WORK TASK ->
Exactly the lines from the one containing "Close up look" through the end of the listing must make up the answer, with no pictures included.

※ ※ ※

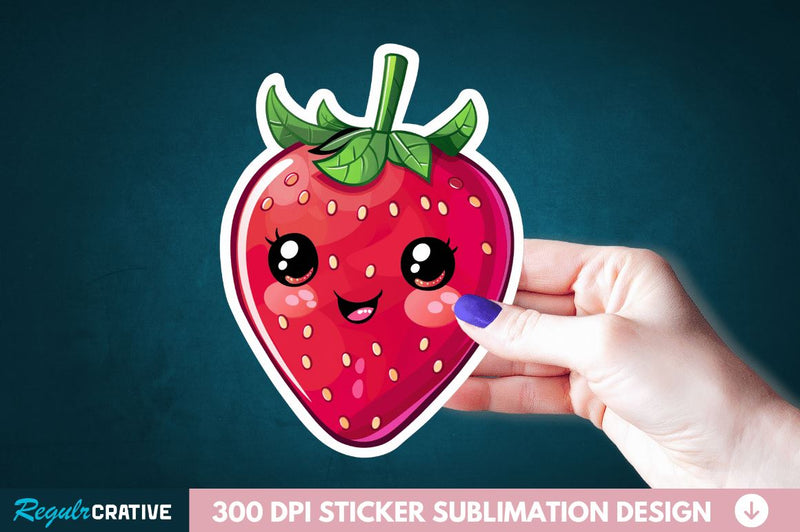 Cute Strawberry Sticker Clipart Sublimation Regulrcrative 
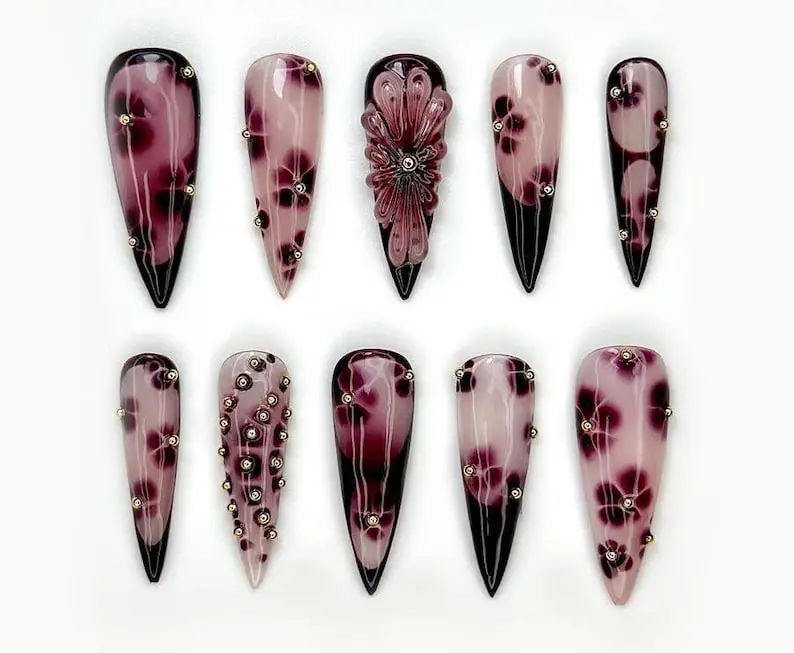 Burgundy Marble Stiletto Press On Nails | Gothic Floral Wine Red Acrylic Nails | Luxury Rhinestone False Nails Set | Stylish Wedding Nails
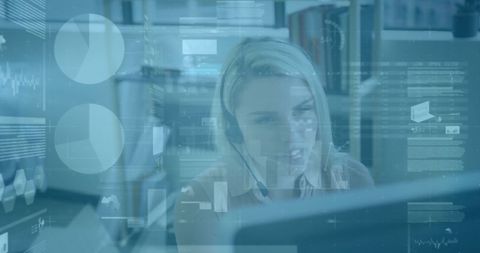 Businesswoman handling financial data in futuristic office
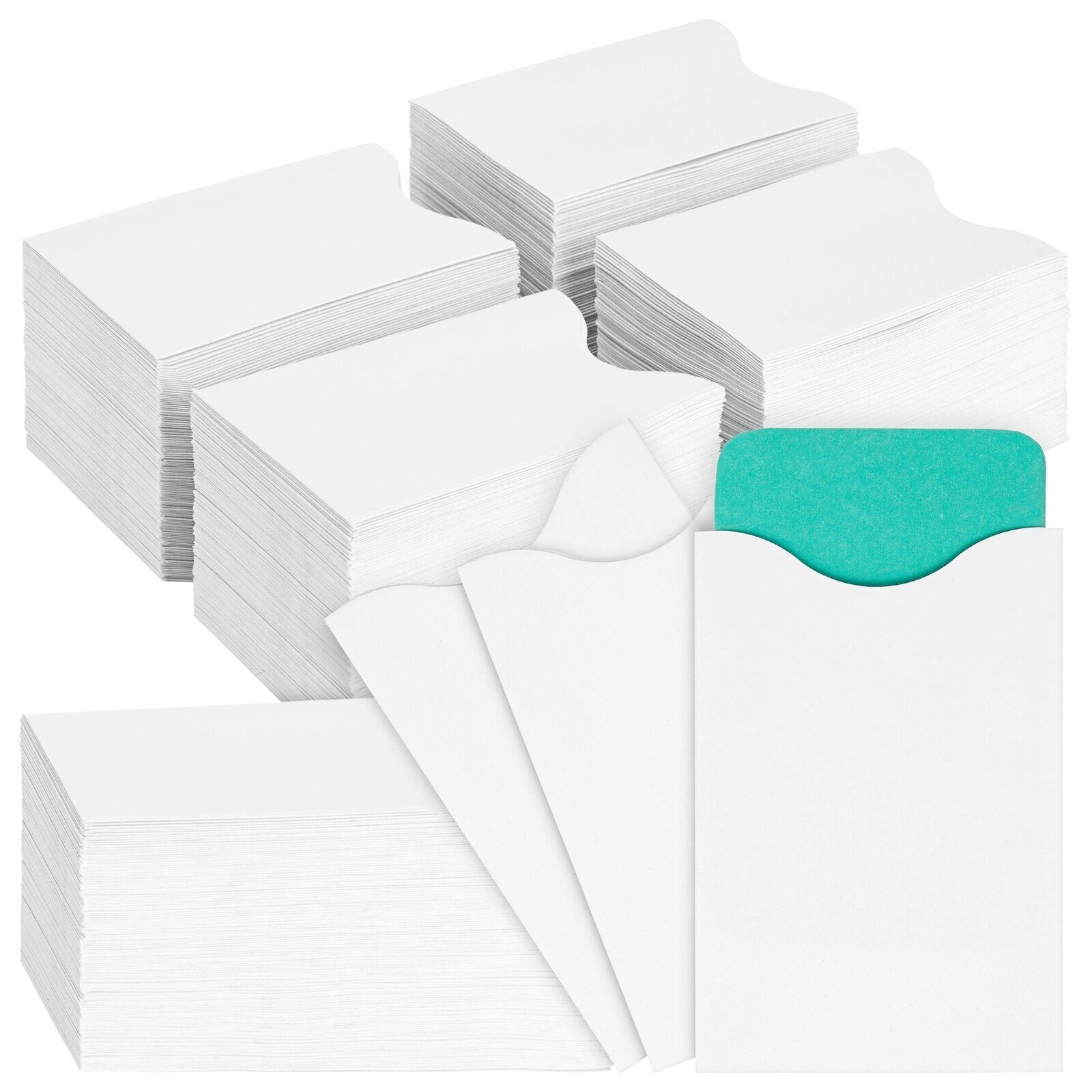500 Pack Blank Keycard Envelope Sleeves, Card Protectors (White, 3.5 x 2.3 In)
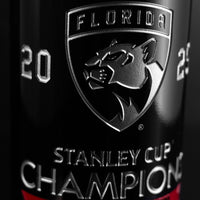 Close up look at the limited edition Florida Panthers 2025 Stanley Cup Champions wine bottle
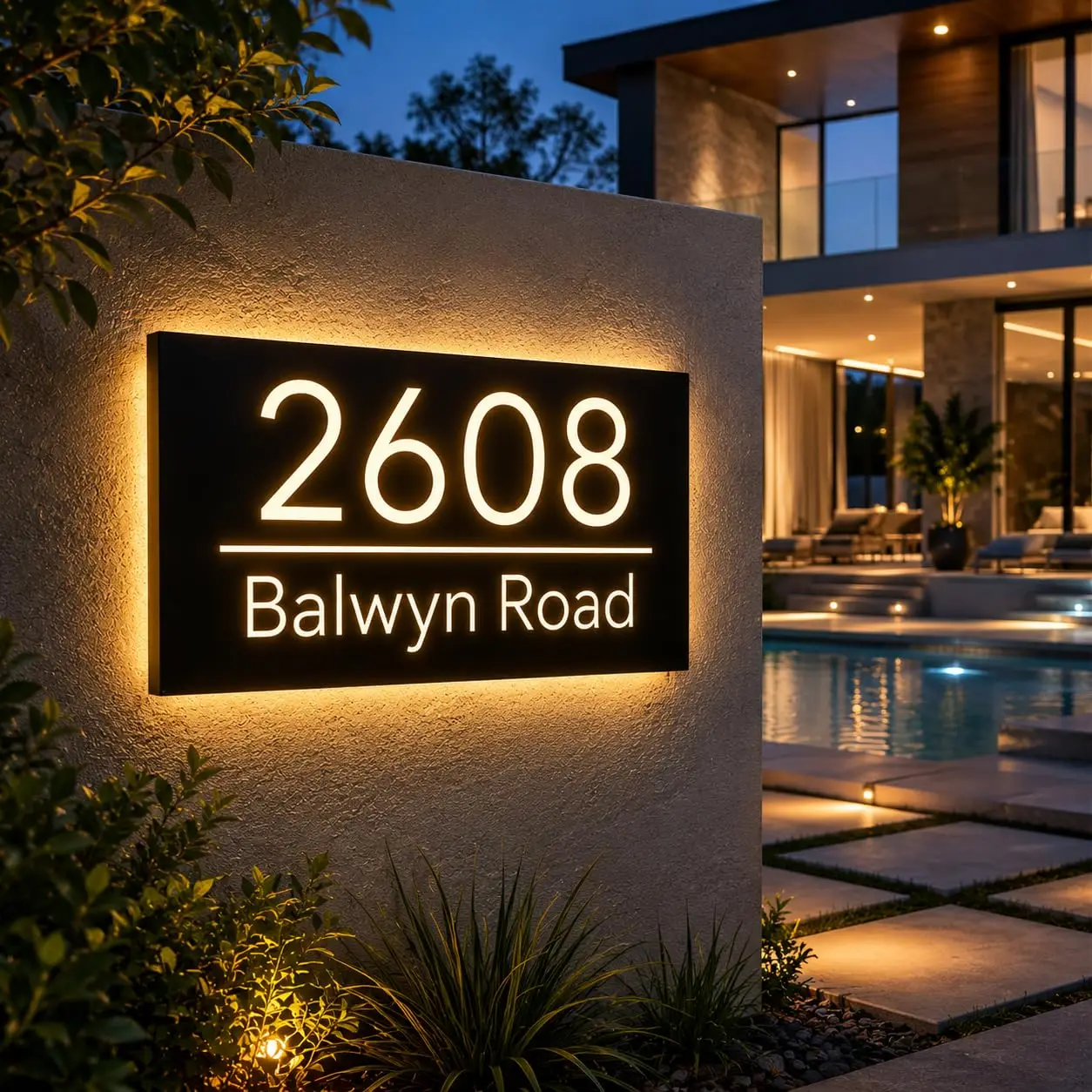 Custom Solar Backlit LED House Number Sign for Outside, Modern Illuminated Address Plaque for Home, Personalized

※ ※ ※

ANSWER TO THE EXERCISE ->
 Close up look at the limited edition Florida Panthers 2025 Stanley Cup Champions wine bottle
 Custom Solar Backlit LED House Number Sign for Outside, Modern Illuminated Address Plaque for Home, Personalized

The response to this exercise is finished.